Il primo giorno della settimana, Maria di Màgdala corse e andò da Simon Pietro e dall’altro discepolo, quello che Gesù amava, e disse loro: «Hanno portato via il Signore dal sepolcro e non sappiamo dove l’hanno posto!».
Pietro allora uscì insieme all’altro discepolo e si recarono al sepolcro. Correvano insieme tutti e due, ma l’altro discepolo corse più veloce di Pietro e giunse per primo al sepolcro. Si chinò, vide i teli posati là, ma non entrò.
Giunse intanto anche Simon Pietro, che lo seguiva, ed entrò nel sepolcro e osservò i teli posati là, e il sudario – che era stato sul suo capo – non posato là con i teli, ma avvolto in un luogo a parte.

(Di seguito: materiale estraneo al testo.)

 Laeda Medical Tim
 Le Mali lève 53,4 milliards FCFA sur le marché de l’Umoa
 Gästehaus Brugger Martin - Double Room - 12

Allora entrò anche l’altro discepolo, che era giunto per primo al sepolcro, e vide e credette (Giovanni 20,2-8).
Subito dopo la consacrazione, la Liturgia fa esclamare: «Annunciamo la tua morte, Signore, proclamiamo la tua risurrezione, nell’attesa della tua venuta». Questa non deve restare solo una formula liturgica. Quello che si dice nella Liturgia deve essere fatto nella vita: dobbiamo proclamare la Risurrezione di Cristo.
Il santo più amato nell’Oriente ortodosso è Serafino di Sarov (1759-1833), che dopo aver trascorso una decina d’anni in un bosco, senza pronunciare una sola parola, neppure con il fratello che di tanto in tanto gli portava del cibo, al termine di questo lungo silenzio sarebbe stato mandato da Dio in mezzo agli uomini e, alle persone che accorrevano sempre più numerose al suo monastero, andava incontro dicendo con grande trasporto: «Gioia mia, Cristo è risorto!». Si dice che questa semplice parola, pronunciata da lui, bastava a cambiare il cuore di quella persona e il mondo intorno a lei, e che la sua voce aveva il timbro di quella di un angelo.

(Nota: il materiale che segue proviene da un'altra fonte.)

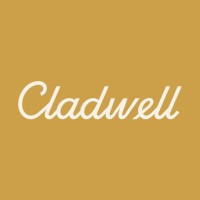Cladwell logo - Similar company to Cántale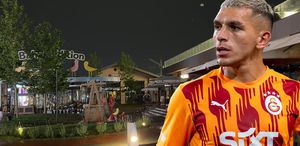 Torreira’ya saldıran kişinin tüyler ürperten mesajları ortaya çıktı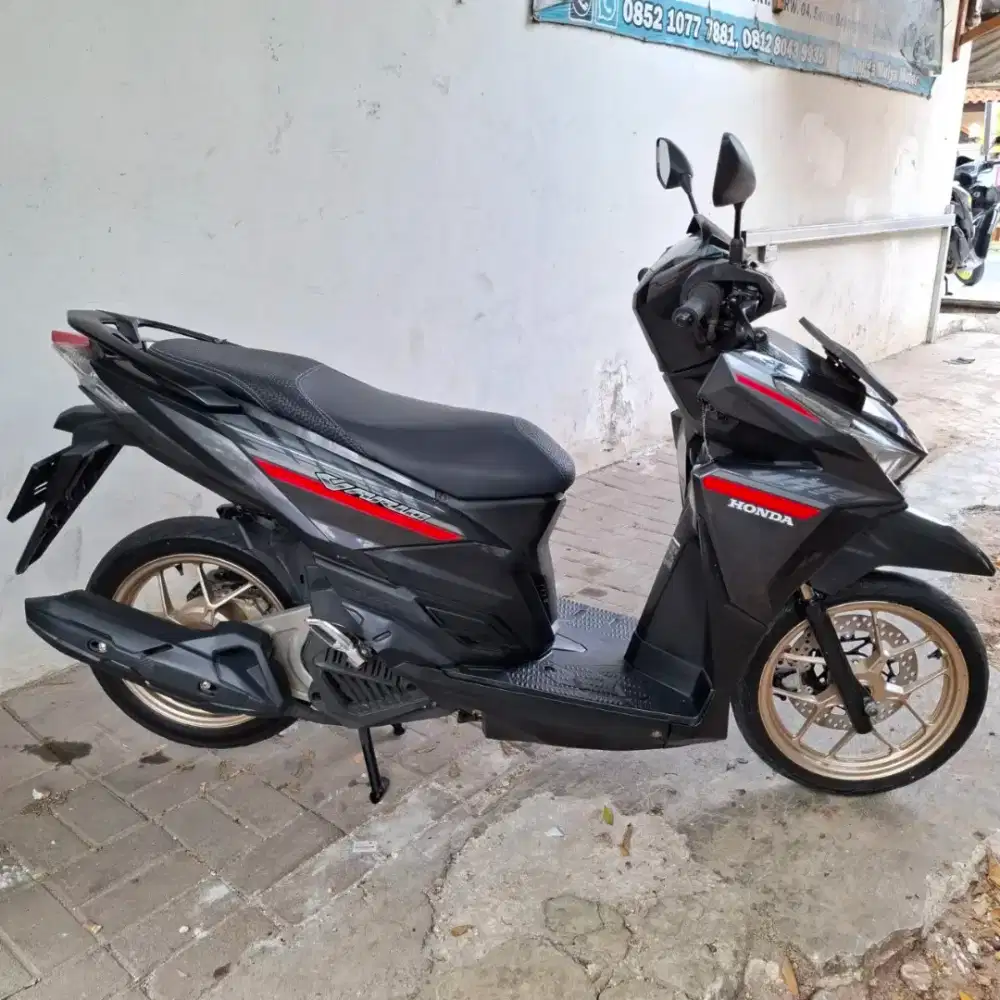 Vario 125 taun 2017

Noi non potremmo rivolgerci a chiunque incontriamo con il saluto «Gioia mia»: è sicuramente troppo confidenziale. Potremmo però dire a qualcuno: «Fratello, o sorella, Cristo è risorto!». Questo è il saluto che rivolgono i fratelli ortodossi, incontrandosi a Pasqua; a esso l’altro risponde: «È risorto in verità!». Se non possiamo dirlo a parole, diciamolo con gli occhi e con il volto. «Ogni laico – ha ricordato il Concilio Vaticano II – deve essere davanti al mondo un testimone della risurrezione e della vita del Signore Gesù» (Costituzione dogmatica sulla Chiesa Lumen gentium, n. 38).